Caption-style text data
================

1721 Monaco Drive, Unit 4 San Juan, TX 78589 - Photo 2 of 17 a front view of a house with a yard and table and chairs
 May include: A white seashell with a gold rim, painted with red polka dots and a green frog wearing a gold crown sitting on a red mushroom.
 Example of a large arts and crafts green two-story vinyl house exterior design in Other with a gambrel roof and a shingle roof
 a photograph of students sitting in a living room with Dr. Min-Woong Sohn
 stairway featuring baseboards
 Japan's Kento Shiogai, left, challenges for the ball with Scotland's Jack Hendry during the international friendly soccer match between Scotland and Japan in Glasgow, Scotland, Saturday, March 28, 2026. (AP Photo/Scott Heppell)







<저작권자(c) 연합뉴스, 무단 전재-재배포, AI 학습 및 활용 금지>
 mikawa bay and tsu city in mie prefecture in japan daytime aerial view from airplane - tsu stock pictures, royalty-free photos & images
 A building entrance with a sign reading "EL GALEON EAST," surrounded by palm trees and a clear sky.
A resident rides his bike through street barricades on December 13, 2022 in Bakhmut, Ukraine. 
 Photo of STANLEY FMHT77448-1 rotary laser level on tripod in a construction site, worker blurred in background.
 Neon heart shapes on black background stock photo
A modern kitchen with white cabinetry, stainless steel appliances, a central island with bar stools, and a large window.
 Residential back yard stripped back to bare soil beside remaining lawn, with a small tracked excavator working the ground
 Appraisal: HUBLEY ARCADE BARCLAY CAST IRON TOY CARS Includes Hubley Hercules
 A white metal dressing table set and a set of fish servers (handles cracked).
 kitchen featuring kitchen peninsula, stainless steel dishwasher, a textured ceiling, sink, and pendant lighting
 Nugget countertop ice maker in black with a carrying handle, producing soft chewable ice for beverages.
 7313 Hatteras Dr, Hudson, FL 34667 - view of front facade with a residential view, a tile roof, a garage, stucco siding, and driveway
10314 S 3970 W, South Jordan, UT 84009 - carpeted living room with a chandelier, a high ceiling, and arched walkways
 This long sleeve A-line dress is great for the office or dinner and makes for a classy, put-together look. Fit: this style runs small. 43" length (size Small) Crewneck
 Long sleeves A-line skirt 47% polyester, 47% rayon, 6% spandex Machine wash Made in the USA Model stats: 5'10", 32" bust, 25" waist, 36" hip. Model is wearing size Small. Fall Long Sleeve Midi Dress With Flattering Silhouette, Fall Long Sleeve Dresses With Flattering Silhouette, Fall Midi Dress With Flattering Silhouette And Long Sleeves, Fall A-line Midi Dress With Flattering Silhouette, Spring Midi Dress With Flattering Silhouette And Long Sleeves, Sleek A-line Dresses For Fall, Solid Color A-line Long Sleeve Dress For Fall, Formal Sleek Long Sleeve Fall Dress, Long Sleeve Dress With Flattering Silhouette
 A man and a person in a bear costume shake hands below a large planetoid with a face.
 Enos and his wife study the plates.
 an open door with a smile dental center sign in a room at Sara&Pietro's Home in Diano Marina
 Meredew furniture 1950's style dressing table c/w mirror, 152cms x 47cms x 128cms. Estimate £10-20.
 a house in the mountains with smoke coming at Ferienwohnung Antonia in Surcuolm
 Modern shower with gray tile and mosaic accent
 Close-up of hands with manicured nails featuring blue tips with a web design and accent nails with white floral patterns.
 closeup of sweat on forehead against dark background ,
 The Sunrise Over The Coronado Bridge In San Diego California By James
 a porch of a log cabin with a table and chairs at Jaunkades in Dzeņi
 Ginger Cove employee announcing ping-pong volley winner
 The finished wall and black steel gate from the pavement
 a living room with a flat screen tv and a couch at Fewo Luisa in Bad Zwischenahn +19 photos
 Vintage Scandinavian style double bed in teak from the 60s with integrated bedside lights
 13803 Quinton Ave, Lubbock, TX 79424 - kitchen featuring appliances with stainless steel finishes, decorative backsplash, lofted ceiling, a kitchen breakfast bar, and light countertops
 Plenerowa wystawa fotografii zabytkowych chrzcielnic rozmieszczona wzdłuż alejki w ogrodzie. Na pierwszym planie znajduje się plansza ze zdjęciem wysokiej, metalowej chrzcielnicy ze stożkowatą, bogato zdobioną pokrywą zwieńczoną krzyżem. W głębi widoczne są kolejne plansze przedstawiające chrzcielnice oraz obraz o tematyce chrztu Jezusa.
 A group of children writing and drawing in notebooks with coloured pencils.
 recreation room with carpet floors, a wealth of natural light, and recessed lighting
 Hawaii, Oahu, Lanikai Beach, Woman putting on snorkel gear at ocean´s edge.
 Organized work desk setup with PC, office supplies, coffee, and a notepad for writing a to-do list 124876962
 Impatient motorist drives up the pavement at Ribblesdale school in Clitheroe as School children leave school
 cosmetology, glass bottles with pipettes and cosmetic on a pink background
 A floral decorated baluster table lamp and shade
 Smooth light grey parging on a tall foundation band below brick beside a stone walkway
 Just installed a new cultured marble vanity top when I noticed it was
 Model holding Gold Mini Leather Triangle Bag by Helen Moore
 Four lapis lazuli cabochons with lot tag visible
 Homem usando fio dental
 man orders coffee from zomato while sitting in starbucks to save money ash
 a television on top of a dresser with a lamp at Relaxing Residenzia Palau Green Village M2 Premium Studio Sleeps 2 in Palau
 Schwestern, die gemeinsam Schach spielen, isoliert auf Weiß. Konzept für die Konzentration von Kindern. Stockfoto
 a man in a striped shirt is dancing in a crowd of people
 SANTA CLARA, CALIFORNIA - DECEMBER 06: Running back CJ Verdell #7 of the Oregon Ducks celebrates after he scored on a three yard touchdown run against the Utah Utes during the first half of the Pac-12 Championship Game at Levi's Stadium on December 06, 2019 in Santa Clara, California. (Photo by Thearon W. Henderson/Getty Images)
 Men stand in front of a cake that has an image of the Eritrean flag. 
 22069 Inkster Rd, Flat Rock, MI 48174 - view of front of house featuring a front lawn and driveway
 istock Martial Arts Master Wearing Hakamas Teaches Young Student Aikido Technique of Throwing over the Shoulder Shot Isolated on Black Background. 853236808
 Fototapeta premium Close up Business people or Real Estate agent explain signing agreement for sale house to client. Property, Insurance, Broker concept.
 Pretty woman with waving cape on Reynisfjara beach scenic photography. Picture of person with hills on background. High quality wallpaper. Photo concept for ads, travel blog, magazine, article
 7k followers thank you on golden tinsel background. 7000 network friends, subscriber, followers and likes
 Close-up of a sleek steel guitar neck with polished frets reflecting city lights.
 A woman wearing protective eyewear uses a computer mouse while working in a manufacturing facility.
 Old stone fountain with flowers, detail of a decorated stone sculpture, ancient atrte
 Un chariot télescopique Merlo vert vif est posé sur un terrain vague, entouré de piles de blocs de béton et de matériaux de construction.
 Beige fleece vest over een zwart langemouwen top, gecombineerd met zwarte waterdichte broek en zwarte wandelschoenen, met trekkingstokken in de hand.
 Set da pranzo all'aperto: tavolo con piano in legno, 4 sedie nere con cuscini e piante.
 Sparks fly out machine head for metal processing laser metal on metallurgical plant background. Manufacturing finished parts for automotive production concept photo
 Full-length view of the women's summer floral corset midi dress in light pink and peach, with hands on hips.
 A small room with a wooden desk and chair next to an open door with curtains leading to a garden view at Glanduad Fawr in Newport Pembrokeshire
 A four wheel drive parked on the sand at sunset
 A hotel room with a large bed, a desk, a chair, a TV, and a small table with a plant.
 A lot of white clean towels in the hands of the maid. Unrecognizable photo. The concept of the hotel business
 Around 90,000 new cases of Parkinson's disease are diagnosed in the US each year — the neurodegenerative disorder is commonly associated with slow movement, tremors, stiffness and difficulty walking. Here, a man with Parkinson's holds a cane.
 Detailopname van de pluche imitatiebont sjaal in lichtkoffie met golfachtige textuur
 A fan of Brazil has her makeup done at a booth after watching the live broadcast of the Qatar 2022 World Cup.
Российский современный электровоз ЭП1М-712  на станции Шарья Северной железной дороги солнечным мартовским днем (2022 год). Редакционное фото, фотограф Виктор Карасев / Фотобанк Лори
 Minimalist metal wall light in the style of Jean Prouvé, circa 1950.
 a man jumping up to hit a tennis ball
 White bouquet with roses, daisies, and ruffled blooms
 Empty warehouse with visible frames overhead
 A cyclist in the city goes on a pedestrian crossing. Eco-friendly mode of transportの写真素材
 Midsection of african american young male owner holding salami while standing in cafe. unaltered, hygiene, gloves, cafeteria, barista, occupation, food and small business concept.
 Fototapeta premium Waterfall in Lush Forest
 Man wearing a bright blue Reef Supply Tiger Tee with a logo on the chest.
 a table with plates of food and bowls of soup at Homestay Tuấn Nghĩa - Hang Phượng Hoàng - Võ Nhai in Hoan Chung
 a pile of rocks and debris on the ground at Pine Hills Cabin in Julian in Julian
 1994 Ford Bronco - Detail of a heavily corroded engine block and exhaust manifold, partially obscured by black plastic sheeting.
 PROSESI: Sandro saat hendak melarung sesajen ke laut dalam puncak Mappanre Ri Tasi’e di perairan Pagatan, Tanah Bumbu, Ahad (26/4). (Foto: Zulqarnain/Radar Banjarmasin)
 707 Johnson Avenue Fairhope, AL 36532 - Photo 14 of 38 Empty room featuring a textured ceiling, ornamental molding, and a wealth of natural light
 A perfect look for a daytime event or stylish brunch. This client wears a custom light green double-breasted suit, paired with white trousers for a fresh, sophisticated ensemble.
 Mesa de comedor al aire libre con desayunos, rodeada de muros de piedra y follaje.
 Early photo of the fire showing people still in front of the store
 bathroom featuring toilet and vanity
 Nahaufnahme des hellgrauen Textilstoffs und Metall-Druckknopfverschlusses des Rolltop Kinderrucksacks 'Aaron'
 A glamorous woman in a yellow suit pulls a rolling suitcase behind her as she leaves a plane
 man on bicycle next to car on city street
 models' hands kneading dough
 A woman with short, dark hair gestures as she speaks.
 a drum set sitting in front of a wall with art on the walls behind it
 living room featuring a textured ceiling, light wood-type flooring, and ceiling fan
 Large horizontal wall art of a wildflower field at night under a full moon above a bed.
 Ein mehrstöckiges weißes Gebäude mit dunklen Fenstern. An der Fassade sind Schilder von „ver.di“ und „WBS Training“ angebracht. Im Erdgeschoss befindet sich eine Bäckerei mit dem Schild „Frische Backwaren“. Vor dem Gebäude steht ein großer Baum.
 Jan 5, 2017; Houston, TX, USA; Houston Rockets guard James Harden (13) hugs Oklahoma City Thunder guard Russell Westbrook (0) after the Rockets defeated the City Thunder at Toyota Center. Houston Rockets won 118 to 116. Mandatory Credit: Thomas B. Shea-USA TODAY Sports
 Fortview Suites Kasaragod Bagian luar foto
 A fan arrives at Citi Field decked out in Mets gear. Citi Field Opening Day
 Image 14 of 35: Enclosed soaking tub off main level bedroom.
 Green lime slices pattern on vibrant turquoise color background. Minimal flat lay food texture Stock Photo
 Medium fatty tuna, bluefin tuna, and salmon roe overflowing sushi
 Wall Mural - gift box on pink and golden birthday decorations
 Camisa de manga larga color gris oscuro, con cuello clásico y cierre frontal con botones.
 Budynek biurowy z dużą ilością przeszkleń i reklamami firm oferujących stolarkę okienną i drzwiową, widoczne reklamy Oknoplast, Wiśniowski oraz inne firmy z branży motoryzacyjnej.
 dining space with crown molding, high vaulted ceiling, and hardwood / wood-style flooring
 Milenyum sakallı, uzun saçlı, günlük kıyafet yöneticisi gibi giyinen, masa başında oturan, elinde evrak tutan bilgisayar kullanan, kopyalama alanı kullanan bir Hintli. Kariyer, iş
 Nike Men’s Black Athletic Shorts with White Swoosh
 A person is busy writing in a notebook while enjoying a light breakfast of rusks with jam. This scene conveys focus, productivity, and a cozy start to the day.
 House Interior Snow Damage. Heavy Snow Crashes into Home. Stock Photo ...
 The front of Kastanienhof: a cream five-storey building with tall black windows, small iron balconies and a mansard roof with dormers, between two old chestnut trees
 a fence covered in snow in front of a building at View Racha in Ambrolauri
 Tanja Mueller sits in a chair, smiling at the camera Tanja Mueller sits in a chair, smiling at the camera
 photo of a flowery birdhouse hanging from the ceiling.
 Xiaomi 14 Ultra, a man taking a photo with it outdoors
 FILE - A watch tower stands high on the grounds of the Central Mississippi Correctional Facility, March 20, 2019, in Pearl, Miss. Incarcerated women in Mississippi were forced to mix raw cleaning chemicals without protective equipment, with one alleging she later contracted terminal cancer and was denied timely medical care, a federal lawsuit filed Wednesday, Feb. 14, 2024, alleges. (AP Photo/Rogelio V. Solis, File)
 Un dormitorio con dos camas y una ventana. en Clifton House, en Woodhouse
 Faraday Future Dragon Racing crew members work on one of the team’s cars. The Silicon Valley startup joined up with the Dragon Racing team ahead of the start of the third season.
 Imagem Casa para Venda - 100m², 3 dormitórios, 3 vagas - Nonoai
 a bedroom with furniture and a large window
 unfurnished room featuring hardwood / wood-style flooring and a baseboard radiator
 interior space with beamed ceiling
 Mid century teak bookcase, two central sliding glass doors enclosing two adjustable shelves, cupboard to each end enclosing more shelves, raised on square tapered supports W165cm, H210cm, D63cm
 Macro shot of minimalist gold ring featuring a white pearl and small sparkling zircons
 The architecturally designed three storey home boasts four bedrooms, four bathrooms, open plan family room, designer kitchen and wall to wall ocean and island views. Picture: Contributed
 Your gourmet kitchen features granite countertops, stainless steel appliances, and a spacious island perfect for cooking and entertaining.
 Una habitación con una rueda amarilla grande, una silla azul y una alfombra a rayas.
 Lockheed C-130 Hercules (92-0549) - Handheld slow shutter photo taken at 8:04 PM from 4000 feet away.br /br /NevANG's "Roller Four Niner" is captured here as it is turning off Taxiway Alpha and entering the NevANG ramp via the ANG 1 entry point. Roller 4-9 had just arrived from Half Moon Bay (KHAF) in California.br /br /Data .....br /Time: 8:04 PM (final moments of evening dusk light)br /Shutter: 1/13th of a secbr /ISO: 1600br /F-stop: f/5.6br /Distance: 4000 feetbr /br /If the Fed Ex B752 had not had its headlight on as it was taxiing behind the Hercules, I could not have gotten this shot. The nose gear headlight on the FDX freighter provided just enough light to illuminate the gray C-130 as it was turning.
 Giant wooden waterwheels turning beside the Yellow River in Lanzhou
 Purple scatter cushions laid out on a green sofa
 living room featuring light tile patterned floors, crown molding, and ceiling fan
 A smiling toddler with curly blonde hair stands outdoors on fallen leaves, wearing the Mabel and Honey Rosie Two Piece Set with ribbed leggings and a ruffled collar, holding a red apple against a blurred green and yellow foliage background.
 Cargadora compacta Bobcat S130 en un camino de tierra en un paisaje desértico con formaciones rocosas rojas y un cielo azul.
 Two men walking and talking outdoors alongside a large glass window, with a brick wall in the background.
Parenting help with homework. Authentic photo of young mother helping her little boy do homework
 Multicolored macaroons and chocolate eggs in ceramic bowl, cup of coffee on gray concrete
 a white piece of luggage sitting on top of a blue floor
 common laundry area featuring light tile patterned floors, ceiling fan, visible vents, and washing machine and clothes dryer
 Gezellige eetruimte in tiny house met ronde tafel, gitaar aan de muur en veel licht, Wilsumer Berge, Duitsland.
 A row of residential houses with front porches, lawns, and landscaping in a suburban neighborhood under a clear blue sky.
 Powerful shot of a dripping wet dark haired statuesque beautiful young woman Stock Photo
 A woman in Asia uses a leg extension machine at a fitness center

================

Select every line of the records holding the string "protective".

 A woman wearing protective eyewear uses a computer mouse while working in a manufacturing facility.
 FILE - A watch tower stands high on the grounds of the Central Mississippi Correctional Facility, March 20, 2019, in Pearl, Miss. Incarcerated women in Mississippi were forced to mix raw cleaning chemicals without protective equipment, with one alleging she later contracted terminal cancer and was denied timely medical care, a federal lawsuit filed Wednesday, Feb. 14, 2024, alleges. (AP Photo/Rogelio V. Solis, File)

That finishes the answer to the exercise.